Take the case of arch-rival Ashok Leyland Ltd. Its trade receivables as a percentage of sales dropped to 3.7% in FY18 from 5.3% in the year-ago period—a sharp contrast to Tata Motors.
According to P.B. Balaji, chief financial officer at Tata Motors, higher receivables were due to a higher proportion of business with state transport undertakings and the defence sector, where the collection period is longer than other segments. Also, the firm provided support to dealers who faced funding challenges to meet tremendous growth.
Meanwhile, analysts say that Tata Motors may be pushing sales through longer credit periods. Such strategies may help to arrest the slide in market share and regain lost ground. Note that the company’s CV share is down to 45% from 60% five years ago, when it ruled the roost.
This is not all. Perhaps, the recently spelt out Turnaround 2.0 strategy to fire PV sales and become self-reliant calls for a liberal credit policy with dealers to combat competition. Since the firm does not divulge segment-wise details of income and expenditure, it’s hard to tell if the drain on account of higher receivables is from the CVs or PVs segment, or from both.
Meanwhile, the game is playing out slightly differently at its UK subsidiary, Jaguar Land Rover Ltd (JLR). Dealer support may be needed to develop a customer base for new models with each geographic region having a different credit mechanism. The company adds that richer product mix and higher wholesale numbers led to higher receivables.
Sometimes, the credit period may be extended for dealers when old models are being phased out.
In any case, Tata Motors’ management concedes that JLR’s performance was disappointing in FY18. Yet, it has conviction that the mind-boggling investments into product development that will continue for the next two years will translate into rich dividends later.

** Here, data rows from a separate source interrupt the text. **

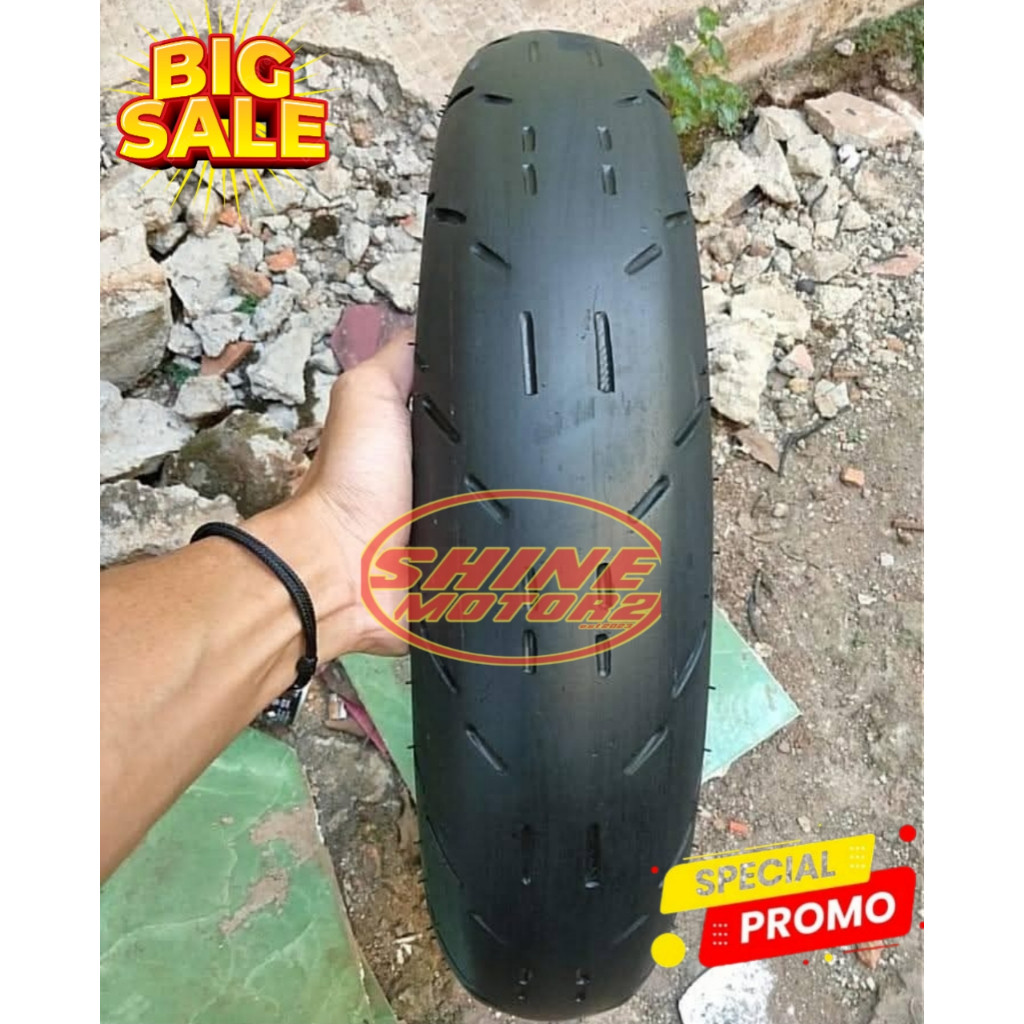 Michelin Pilot Tubeless Ban Motor Ring 14 Beat Vario Genio
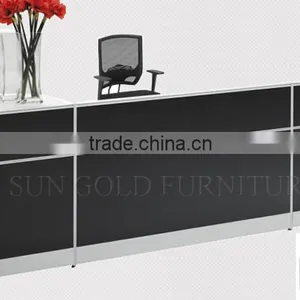 Office Front Counter Design Reception Desk for Retail Store (SZ-RTB032) thumbnail-2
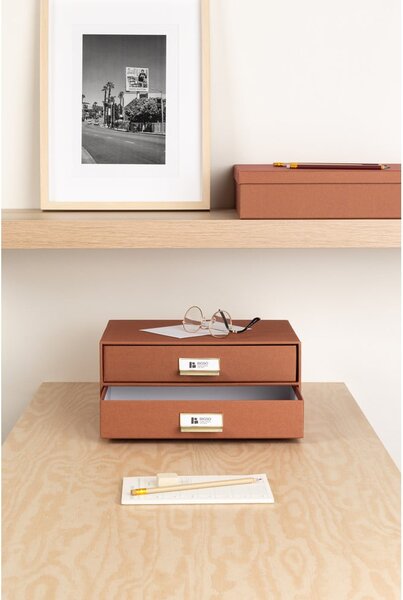 Organizer in cartone per cassetti Birger Restore Paper Laminate – Bigso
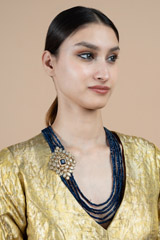 Kundan Pendant Necklace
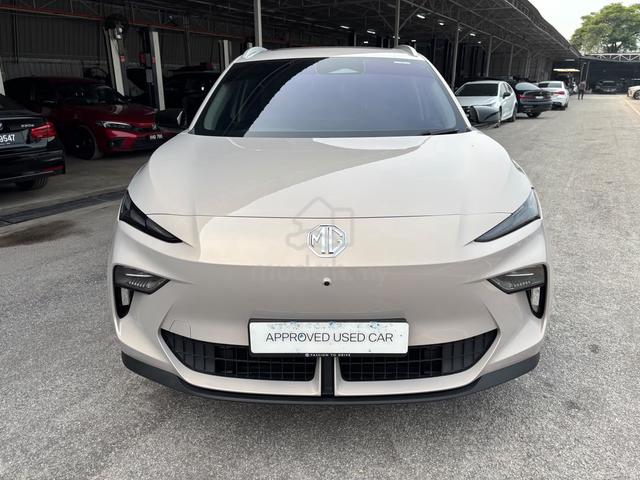 2026 Mg S5 0.0 LUX MY26 (A) UNDER WARRANTY - 2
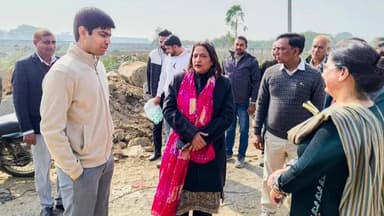 रेवाड़ी: रेवाड़ी में कामकाजी महिलाओं के लिए महिला हॉस्टल का निर्माण करवाया जा रहा है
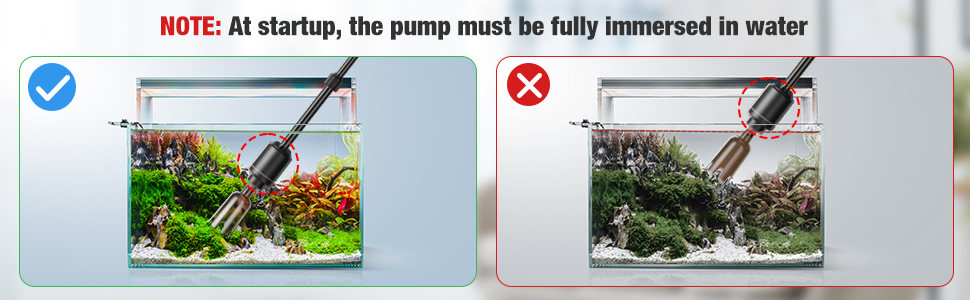 Aquarium Gravel Cleaner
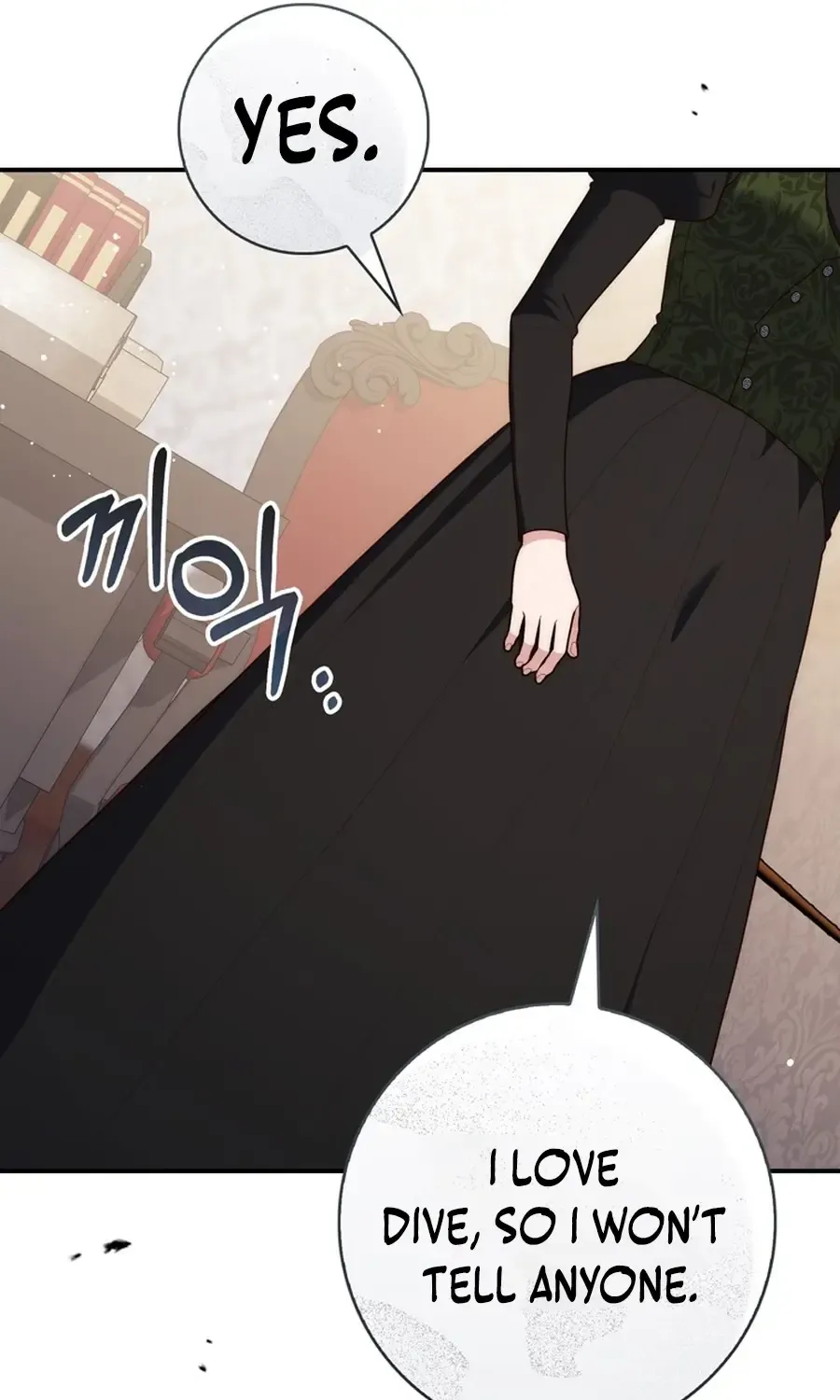 A Fortune-Telling Princess Chapter 105 page 103 - 
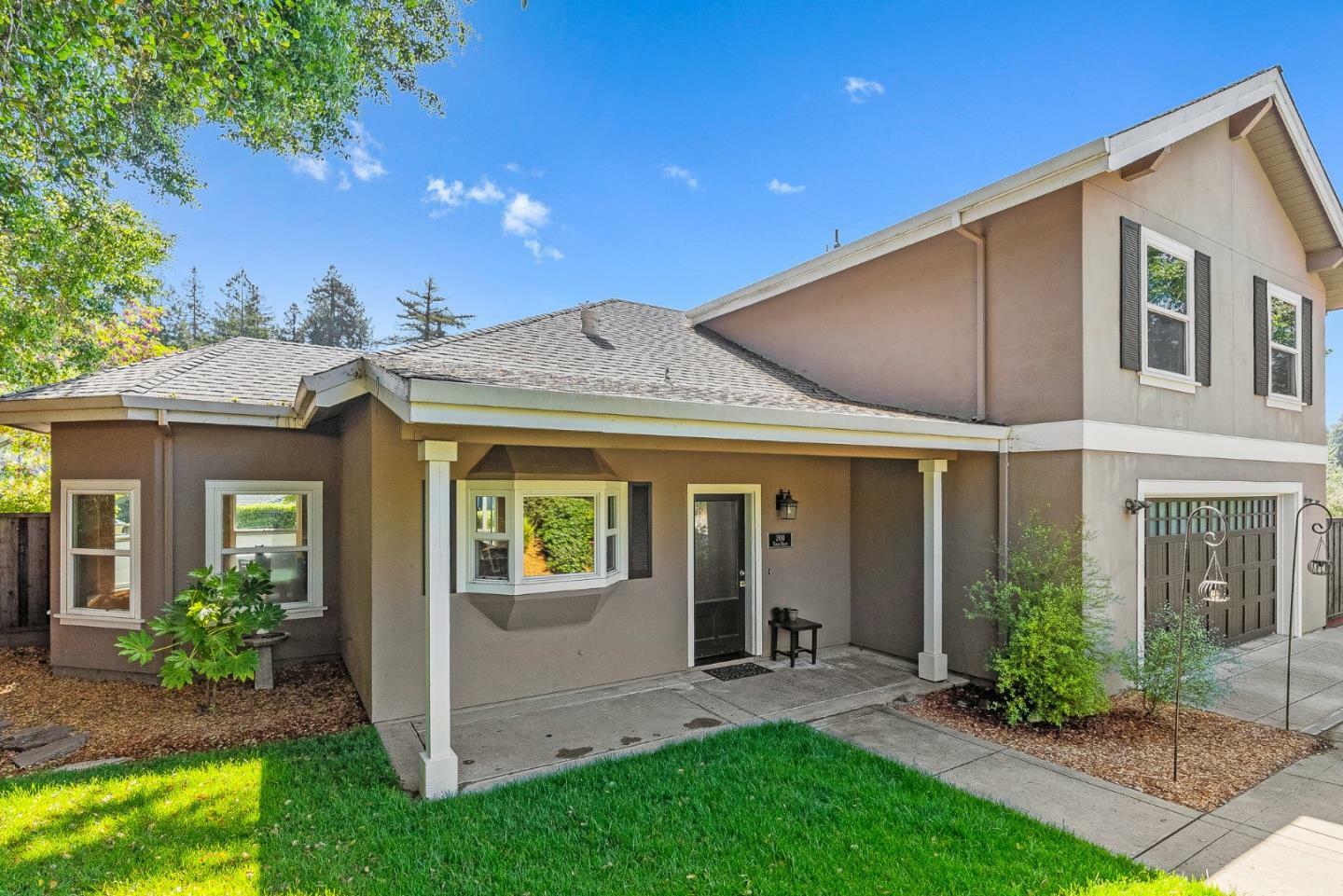 Property Photo: 200 Tabor Drive CA 95066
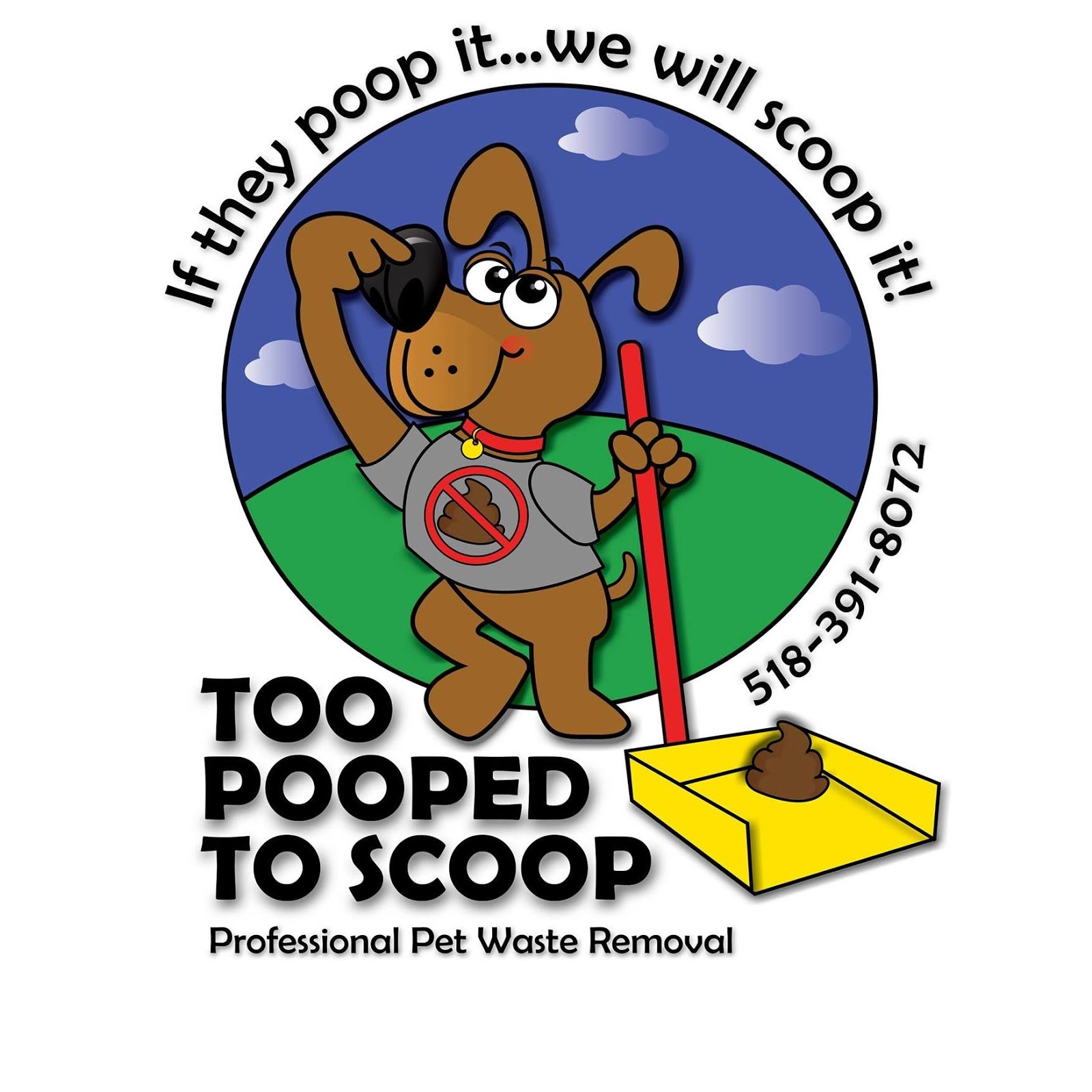 Too Pooped To Scoop - Photo 3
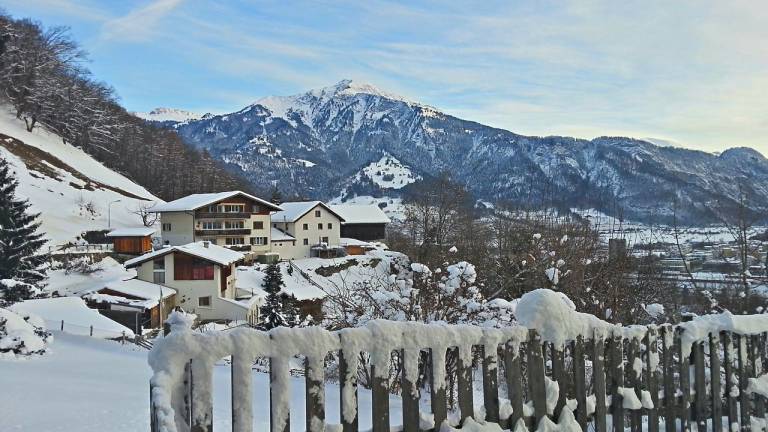 Ferienwohnung  Bad Ragaz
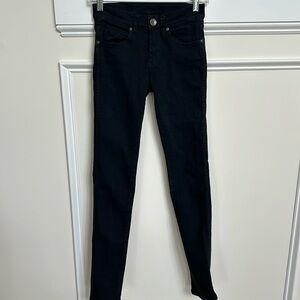 DR Denim Jeans Maker black Skinny Jeans 25/32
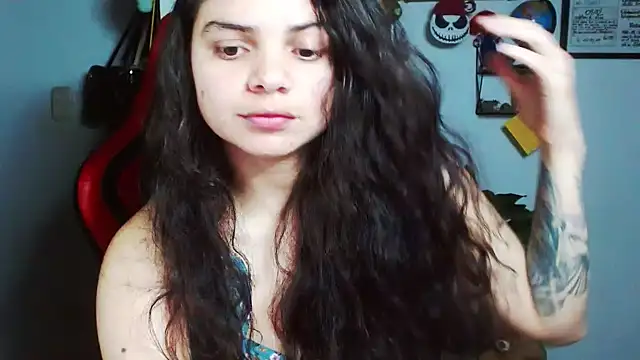 Nikkykora15 online show from 03-13-25, 11:59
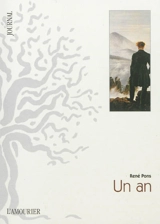 Un an : journal - René Pons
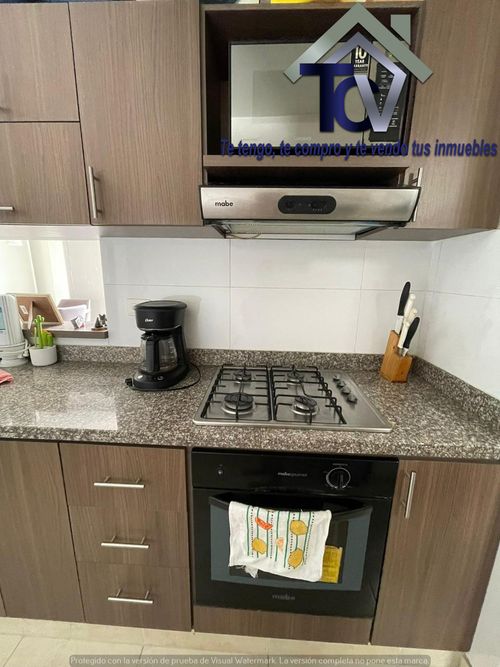 Apartamento de 2 alcobas en venta en Provenza, Bucaramanga, 64 m² · foto 6 de 21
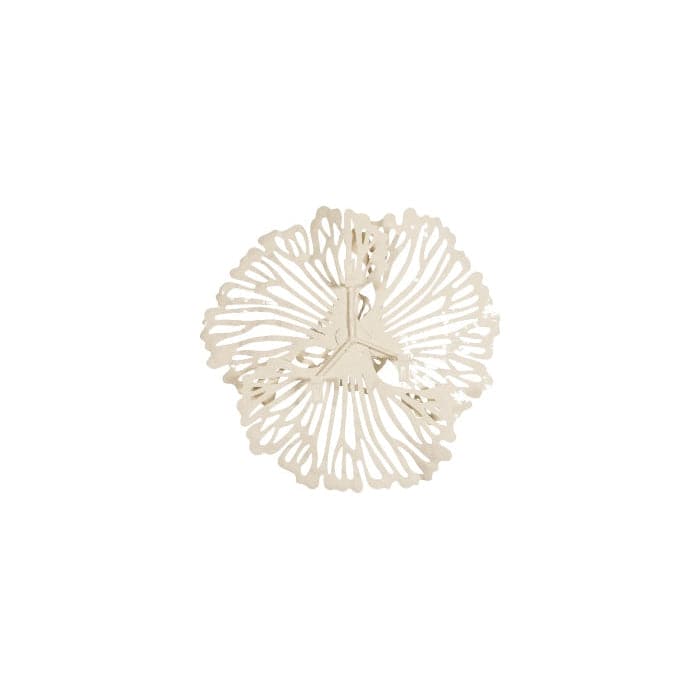 Extra Small Flower Wall Art-Phillips Collection-PHIL-TH109685-Wall ArtWhite-17-France and Son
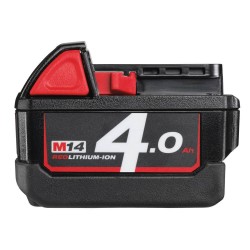 Akumulator Li-ion 14,4V 4.0 Ah Milwaukee M14 B4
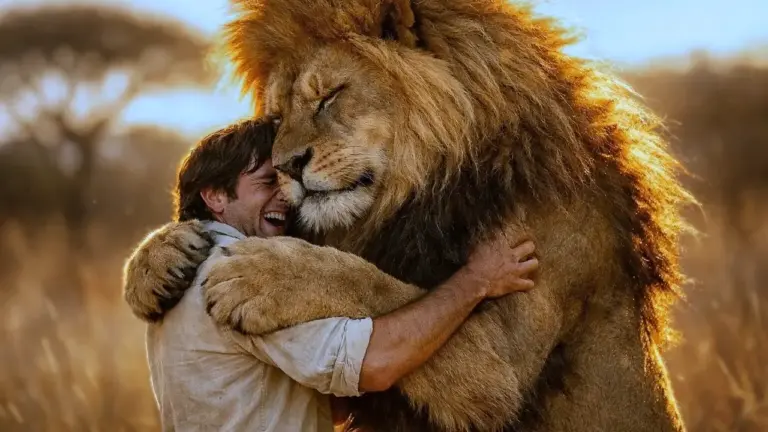 In 1969, two men bought a lion cub in a Chicago store! When he grew too big, they made an agonizing choice. You won't believe what happened in Africa...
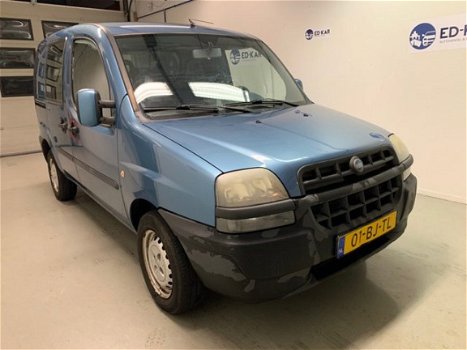 Fiat Doblò Cargo - 1.9 JTD MOOI APK AIRCO - 1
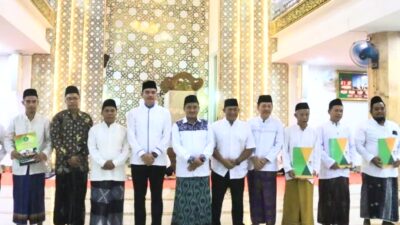 Bupati Pemalang Gelar Tarawih Keliling di 14 Kecamatan, Ini Jadwalnya!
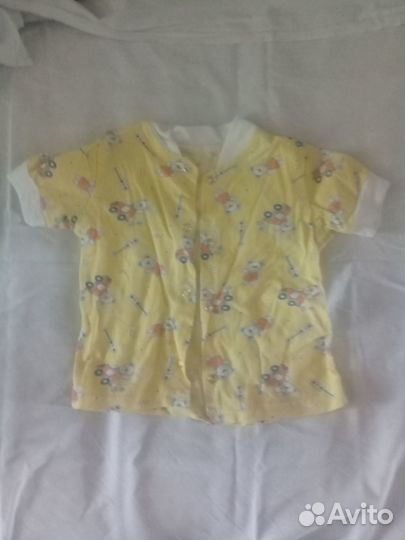 Детские вещи пакетом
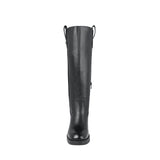 BOTAS CAPA DE OZONO MUJER 683601 SIMIPIEL NEGRO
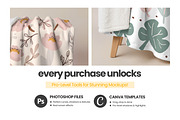 Sherpa Blanket Studio Mockup, an Apparel Mockup by Mockups Studio (Thumbnail 6 of 8)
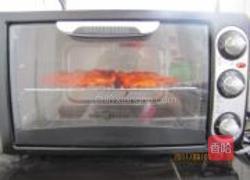 新奥尔良烤鸡腿堡的做法图解5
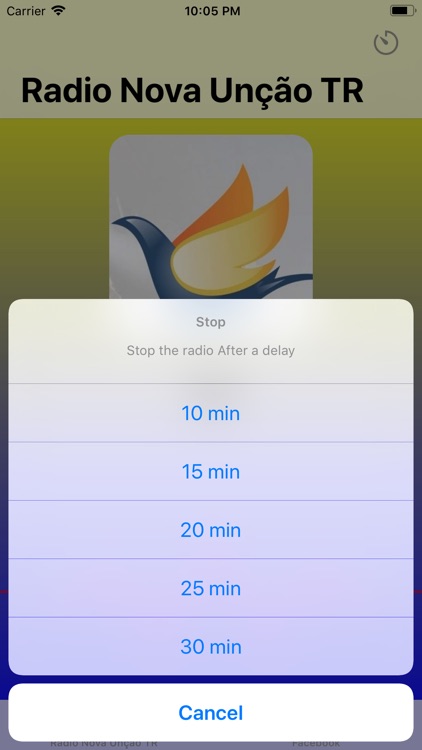 Radio Nova Unção TR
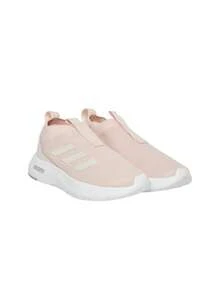Adidas Cloudfoam Move Sock Wonder Quartz / Zero Metalic / Grey Two JI4837 - Dusty Pink - View 5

After all, the company has set a trailblazing record of pulling JLR out from its huge burden during the acquisition.
This is further complicated by macroeconomic issues such as Brexit and the slowdown in the US market. Meanwhile, the shift towards electric vehicles is a temporary blow to JLR, as most of its portfolio is diesel driven.
Be that as it may, the near-term pressures are weighing on the Tata Motors stock. The company’s free cash flows will be in the negative territory for the next two years. Little wonder then that the stock has been underperforming competition and benchmark indices, at a time when demand for Tata Motors’ products is surging.